Julgamento da trama golpista

Na manhã desta quarta-feira (10), a Primeira Turma do STF (Supremo Tribunal Federal) retomou o 4º dia do julgamento do ex-presidente Jair Bolsonaro e de outros sete réus pela suposta tentativa de golpe de Estado.

Após a argumentação da PGR (Procuradoria-Geral da República) e a apresentação das sustentações orais das defesas nas duas primeiras sessões, os ministros realizam a leitura dos votos para avaliar o mérito da questão e decidir se haverá condenação, além de definir as penas.
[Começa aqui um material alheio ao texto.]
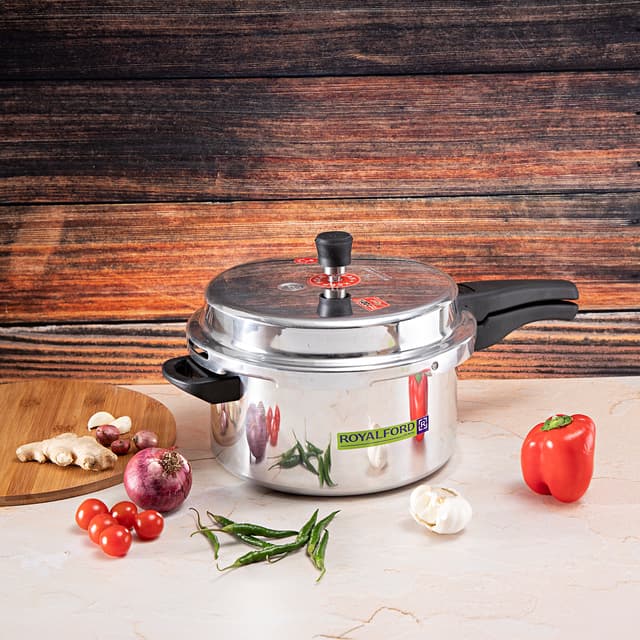 Royalford 7.5L Aluminum Pressure Cooker - Comfortable Handle Evenly Heating Cooker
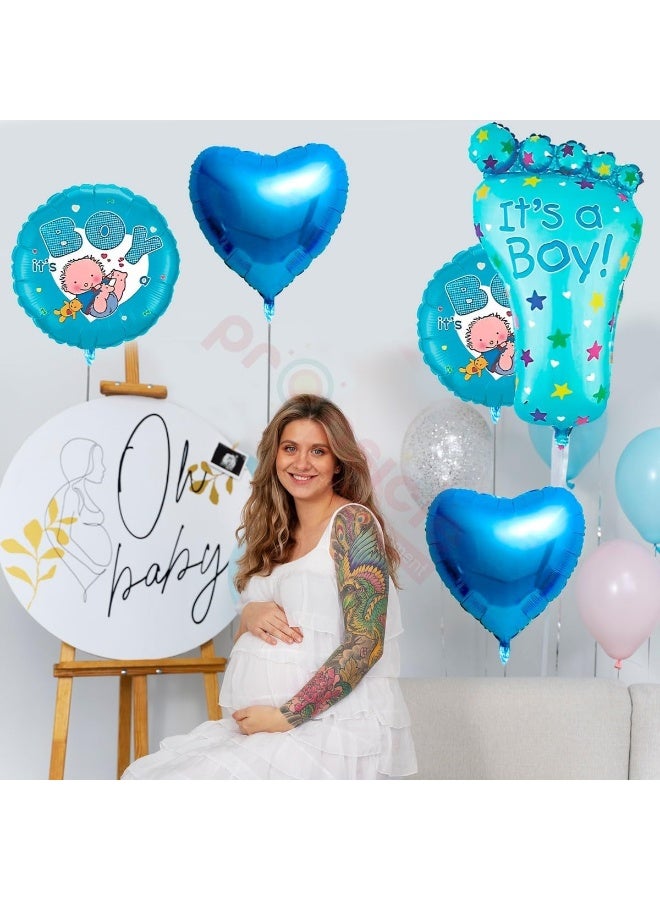 Baby Shower Party Decoration – Blue “It’s a Boy” Feet Foil Balloon Set – Welcome Baby Combo – Pack of 5 - Image 3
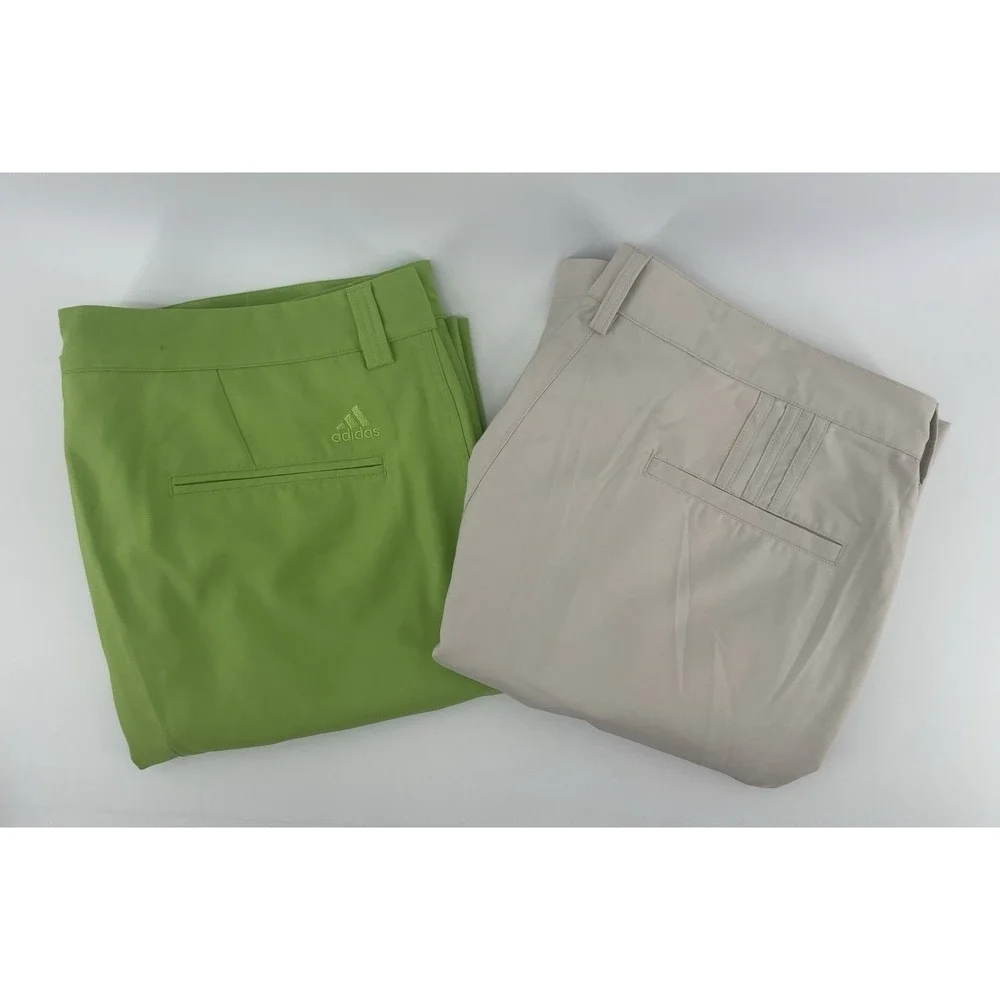 Adidas Golf 2 Shorts Men 38 Green Beige Climalite Performance Bundle 2 Athletic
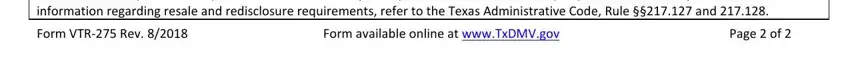 txdmv form vtr 275 Resale and Redisclosure Motor, Form available online at, and Page  of fields to insert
O primeiro a se manifestar foi o relator do processo, o ministro Alexandre de Moraes, que votou a favor da condenação do grupo. Na sequência, o ministro Flávio Dino concordou com a condenação, mas fez uma ressalva quanto às penas proporcionais dos réus Alexandre Ramagem, Augusto Heleno e Paulo Sérgio Nogueira, pelo fato de eles terem menor participação na trama golpista.

Faltam os votos, na respectiva ordem, de Luiz Fux, Cármen Lúcia e Cristiano Zanin. A decisão será tomada por maioria simples de três votos, mas a defesa ainda pode recorrer dentro do próprio STF e atrasar a decisão final.

Além do ex-presidente, respondem pelos ataques à democracia o tenente-coronel e ex-ajudante de ordens de Bolsonaro, Mauro Cid; o deputado federal e ex-diretor-chefe da Abin (Agência Brasileira de Inteligência), Alexandre Ramagem; o ex-comandante da Marinha, Almir Garnier; o ex-ministro da Justiça, Anderson Torres; o ex-ministro da Defesa, Paulo Sérgio Nogueira; o ex-ministro do GSI (Gabinete de Segurança Institucional), Augusto Heleno; e o general Walter Braga Netto.

A PGR imputou cinco crimes aos reús, sendo elas: organização criminosa armada, tentativa de abolir violentamente o Estado democrático de Direito, golpe de Estado, dano qualificado por violência ou grave ameaça e deterioração de patrimônio tombado.